Zinaida’s daughter-in-law, Natasha, who married Boris’s son Leonid two years after Boris died, said that in the Big House they all considered Olga to be ‘the source of Boris’s decline’. From their perspective, far from saving Pasternak from the authorities, the pressure that Olga put on Boris to be with her was a psychological torment to him.
Olga, on the other hand, firmly believed that it was the authorities and the wrath of the government that weakened Boris. She wrote ‘by the time BL found himself being forced to go against all his inclinations and desires, and constantly to violate his own nature, he had evidently passed beyond his own limit. The violence done to him was overwhelming. It broke and then killed him. Slowly but surely his strength was undermined, and his heart and nervous system began to fail.’
That January, Boris announced to Olga that he had finally made up his mind. He would break with Zinaida and marry her. He had made arrangements with his friend Konstantin Paustovski, a novelist and playwright who lived in Tarusa, for him and Olga to spend the winter there. During the Soviet era, many dissidents settled in Tarusa. This small town, in an area of natural beauty, lay 140 kilometres south-west of Moscow.

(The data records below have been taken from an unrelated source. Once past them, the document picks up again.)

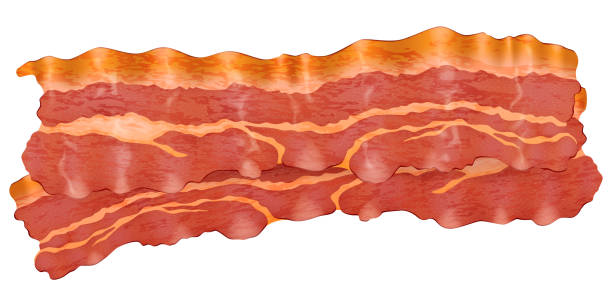Fried slices of bacon. Fried slices of bacon. Vector illustration. cooked bacon slice stock illustrations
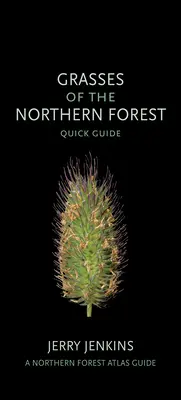 Erbe della foresta boreale: Guida rapida - Grasses of the Northern Forest: Quick Guide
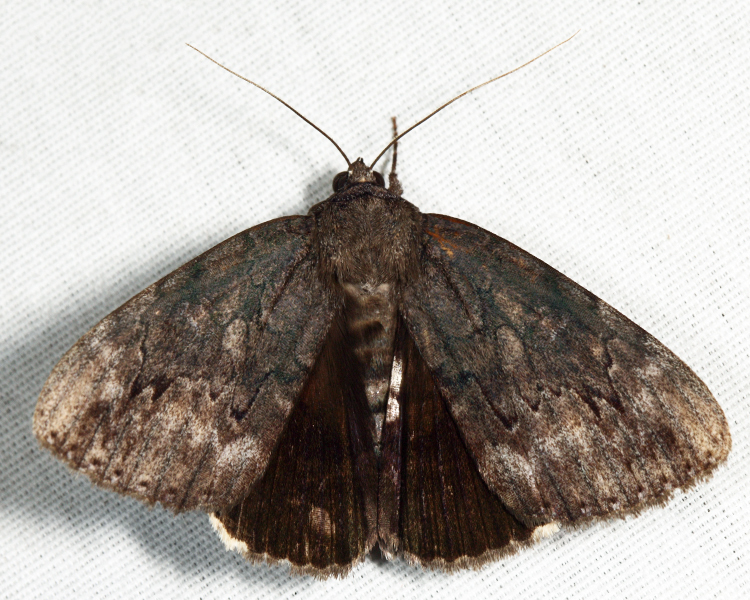 8785 - Residua Underwing - Catocala residua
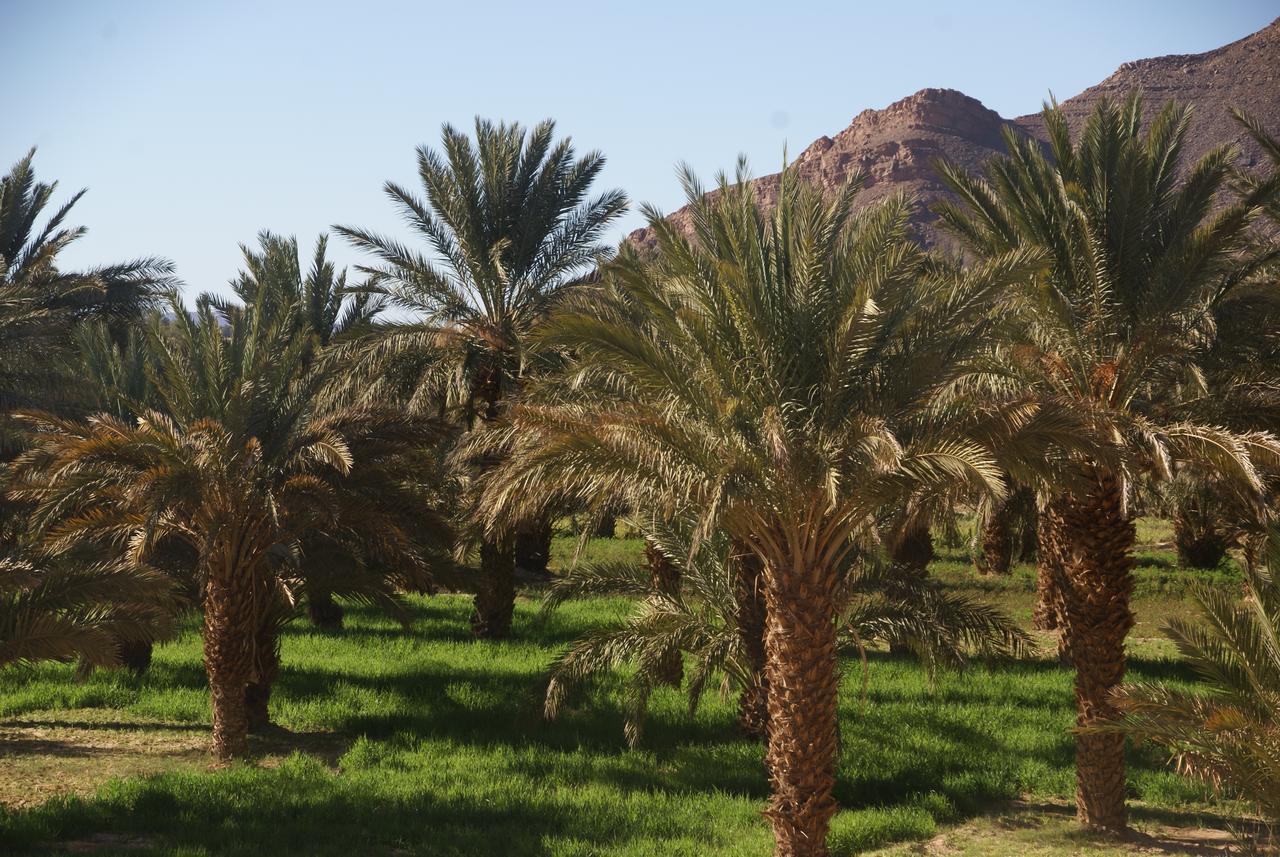 Riad Les Jardins De Tafraoute Foum Mharech 外观 照片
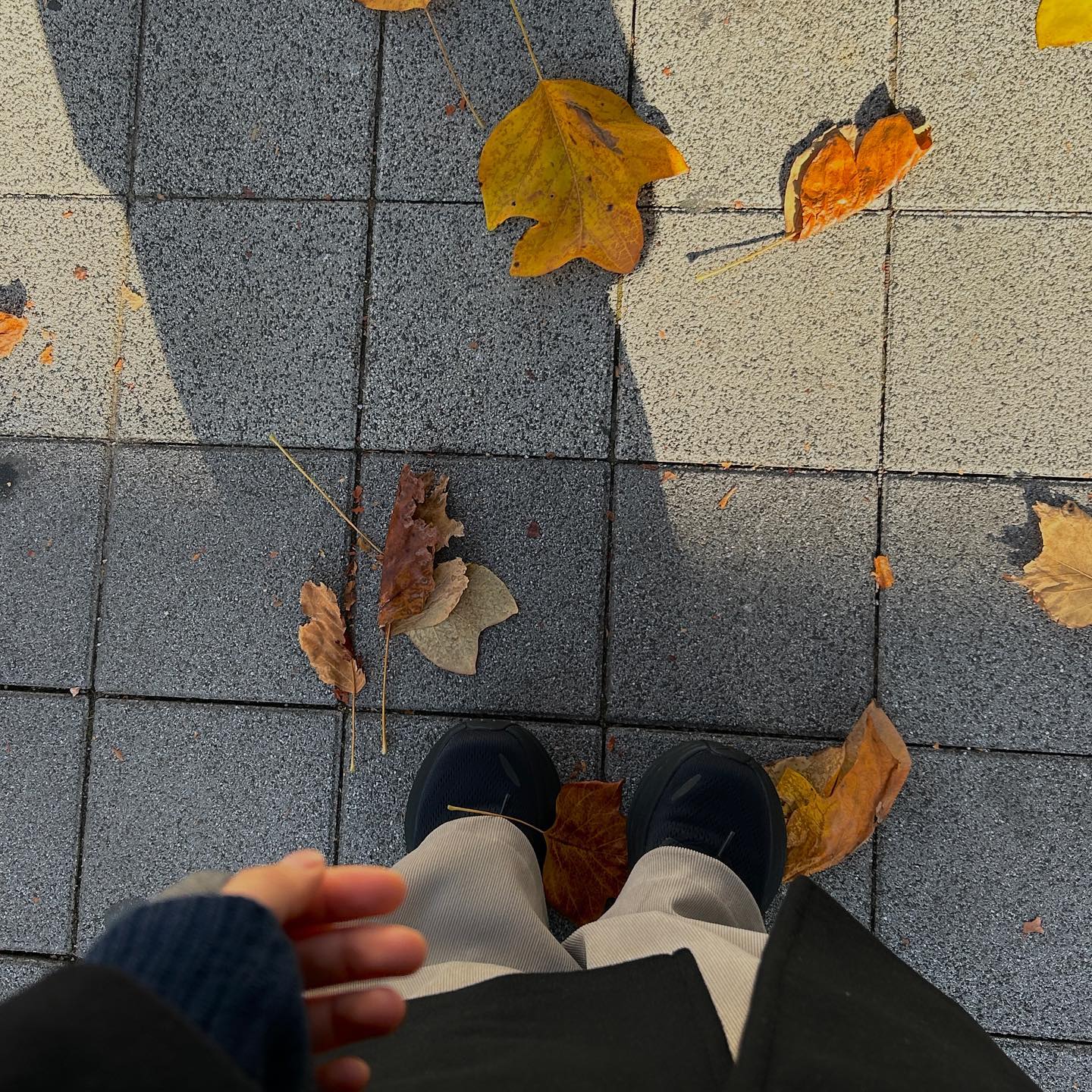 발로 초겨울 잡기 ..🍂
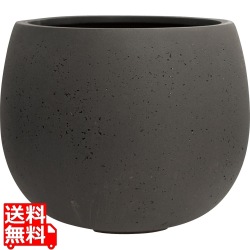 テラニアス ローバルーン550 アンティークブラウン 写真1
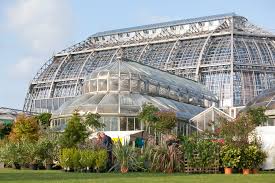 Trotzdem gibt es am wochenende jede menge grüne natur zu sehen, und damit meine ich nicht die gewächshäuser. Geschmackliche Vielfalt Und Essbare Bluten Berliner Staudenmarkt Im Botanischen Garten Weltexpress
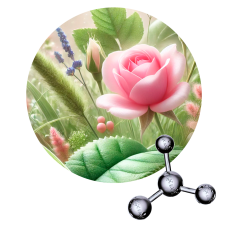 Alpha Amyl Cinnamic Aldehyde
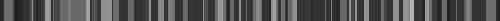 Untitled-1-1.gif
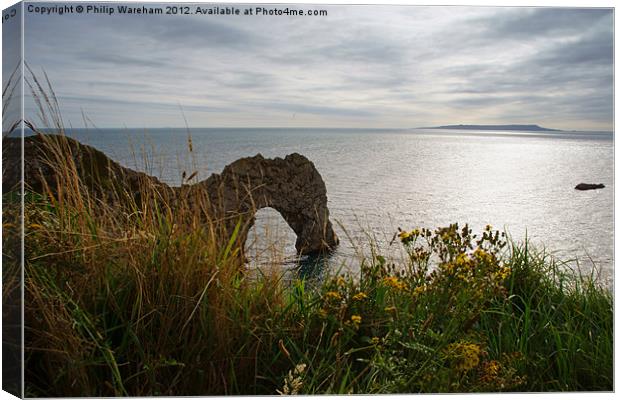 Durdle Door Canvas Print by Phil Wareham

As much as Olga wanted to believe that Boris would publicly claim her and take her to Tarusa, intuitively she knew that, aged sixty-nine, he was too old and too weak to ‘face the storm that his departure would provoke’. On 20 January, the day they had planned to leave, Boris arrived at the Little House early in the morning, having walked through a blizzard to get there. ‘Very pale’, he announced that he couldn’t go through with it.
‘What more do you need,’ he asked, ‘when you know that you are my right hand, and that I am entirely with you?’ It was impossible, he continued, to hurt people who were not at fault – Zinaida, his son Leonid and others – and who only wanted to preserve the appearance of the life they were used to. There was nothing he could do, he said, but to go on living in two homes.
Olga exploded with fury. Couldn’t he see, she shouted, that she needed the protection of his surname more than anyone else? After all, she had certainly done everything to deserve it. It was only his name that had kept her alive in the labour camps; without it, she would almost certainly have been killed. Why couldn’t he see that it was crucial that she had the Pasternak surname now, in case anything happened to him? She shouted at him that he only wanted to preserve his peace of mind at her expense. That all he cared about was keeping the status quo. Feeling betrayed, Olga announced that she was leaving immediately for Moscow. In collapsed, self-pitying tones, Boris conceded that now he was a social outcast, it would be easy for her to drop him.
Incensed that he was missing the point entirely, Olga accused him of being a self-absorbed poseur.
He turned paler and left. Olga, boiling with resentment, but most of all feeling desperately hurt, travelled to Moscow.
That night, when Boris rang with his usual ‘Oliusha, I love you’ she hung up on him.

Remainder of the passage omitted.